Schulpflicht: Schule ist, wo Kinder lernen

Das Ehepaar Wunderlich wollte seine Kinder selbst belehren können, doch es durfte nicht. Ein Einspruch.

Diese Wunderlichs. Ein Gärtner-Ehepaar aus Hessen mit vier Kindern und festen Überzeugungen. Dazu gehört, dass Schulbesuch der Entwicklung des Nachwuchses abträglich sei. Die Wunderlichs wollten ihre Kinder selbst belehren können, doch sie durften nicht. Gern und oft erzählt Dirk Wunderlich, wie die Polizei und Vertreter der Schulbehörde am „schrecklichsten Tag“ vor der Haustür standen und Sohn samt Töchtern in Obhut nahmen. Für länger, nicht nur für den Schultag.

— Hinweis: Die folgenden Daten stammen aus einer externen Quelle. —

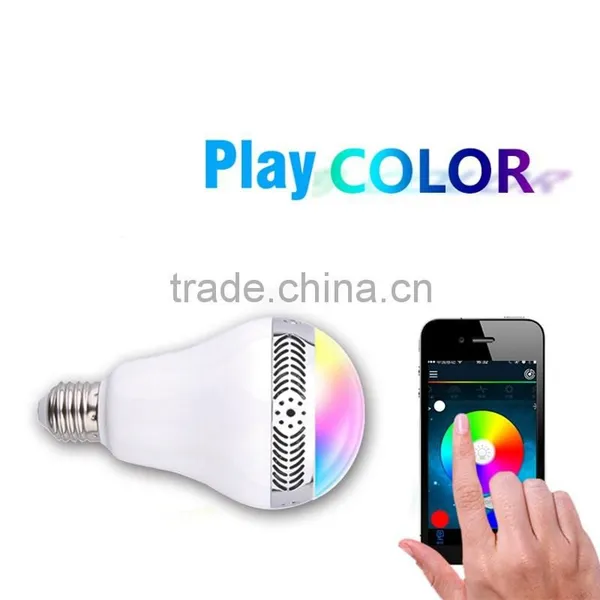 Music Bluetooth Stereo Surround LED Light Speaker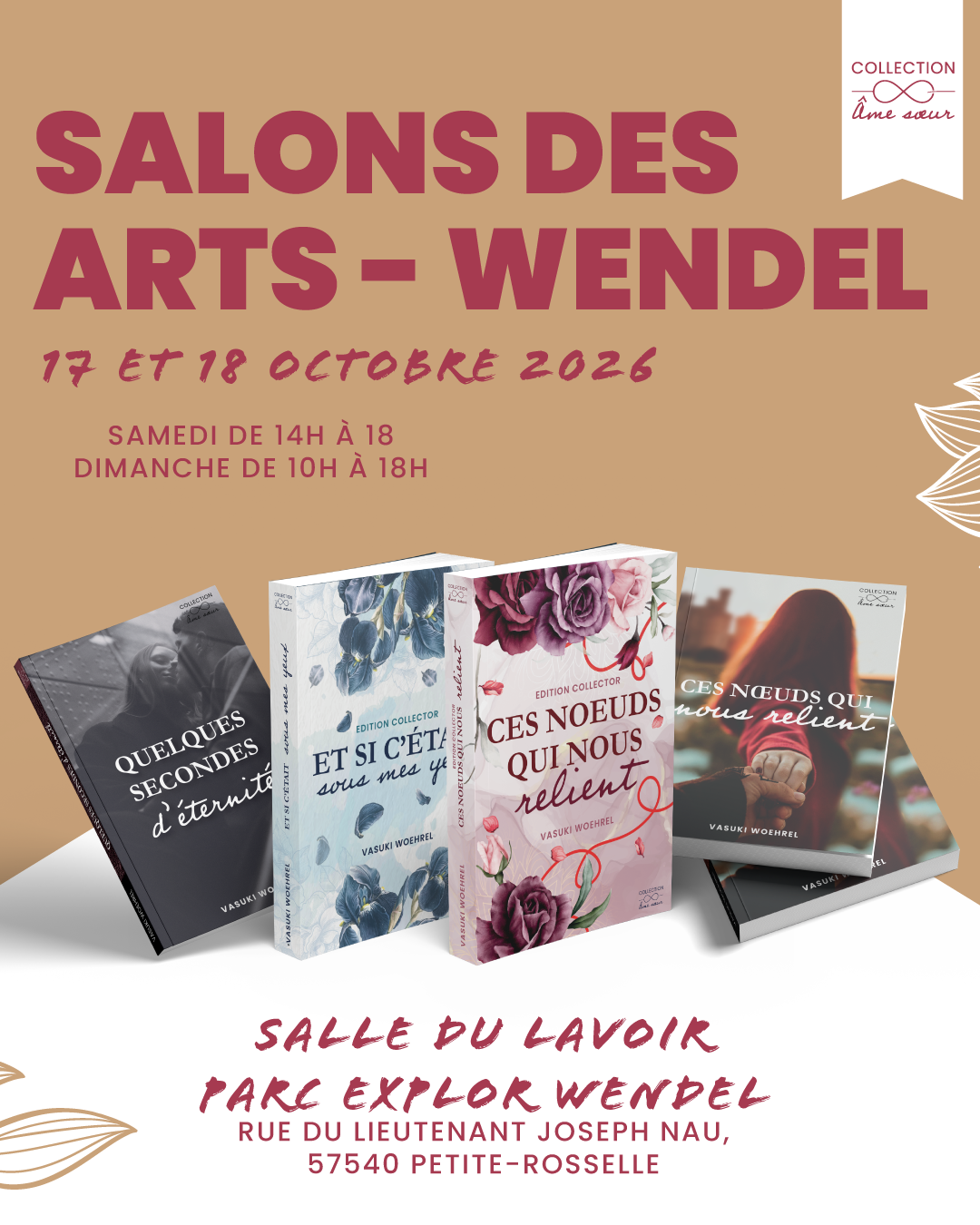 Retrouvons-nous au Salon des arts de Petite-Rosselle les 17 et 18 octobre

Allzu viel Mitleid muss man dafür nicht parat haben, die Wunderlichs ließen es darauf ankommen. In Sachen Schulpflicht ist mit der Bundesrepublik nicht zu spaßen. Wer sich weigert, wird abgeholt. Die meisten Länder in Europa sehen das weniger streng. Trotzdem hat der Europäische Gerichtshof für Menschenrechte (EGMR) den Zugriff der Behörden jetzt abgesegnet (Az.: 18925/15). Einen Verstoß gegen Artikel 8 der Menschenrechtskonvention, das Recht auf Privat- und Familienleben, konnten die Richter nicht erkennen. Schließlich hätten die Staaten Spielraum für Pflichten, die sie ihren Bürgern auferlegten. Hat jemand erwartet, dass der EGMR die deutsche Schulpflicht aushebeln würde?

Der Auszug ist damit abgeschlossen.